Why is this important?
- The ruling is about Trump's role in the storming of the US Capitol.
- The consequences are serious. Above all, there is the fundamental question: is a US president immune from prosecution by virtue of his office?
- The answer: actually always. According to the US Supreme Court, absolute immunity applies to "official" acts.
- The problem is that the judges did not specify the exceptions or the terminology in their ruling.

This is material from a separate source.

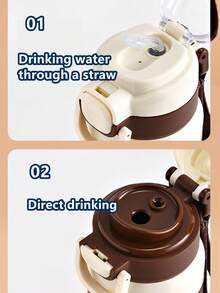 1pc 600ML Snoopy Stainless Steel Vacuum Insulated Water Bottle, Large Capacity Student Cup, Portable Sports Tumbler Cup With Straw, For Men & Women - Multicolor - View 7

Incidentally, he has announced that he wants to be a dictator for a day if he returns to the White House. As we all know, you can't believe everything he says, but who knows, maybe he'll like it so much that he'll want to extend the principle to the second and third days. In any case, Monday's court ruling does not put any new obstacles in his way.
"Der Spiegel":
The ruling is a low point in the history of the Supreme Court and American democracy as a whole. The ex-president has created his own "Seal Team Six" on the bench: six judges who stand by his side in decisive cases and help him to realize the radically conservative version of a night watchman state.
Two of the judges who voted in favor of Trump's immunity have lost any semblance of judicial neutrality. Clarence Thomas, who has been showered with expensive gifts by an arch-conservative billionaire for years, is married to an activist who was herself involved in a rally to attack the Capitol.
At the same time, an upside-down US flag flew in front of the house of his fellow judge Samuel Alito - a distinctive sign of the "Stop the Steal" movement, which has been propagating the lie that Donald Trump won the 2020 election for years. (...) This is why the election on November 5 will be a kind of endgame for democracy in the USA.
"La Repubblica:
If Americans don't want Donald Trump back in the White House, they will have to decide this at the ballot box on November 5. And they will have to consider this question very carefully.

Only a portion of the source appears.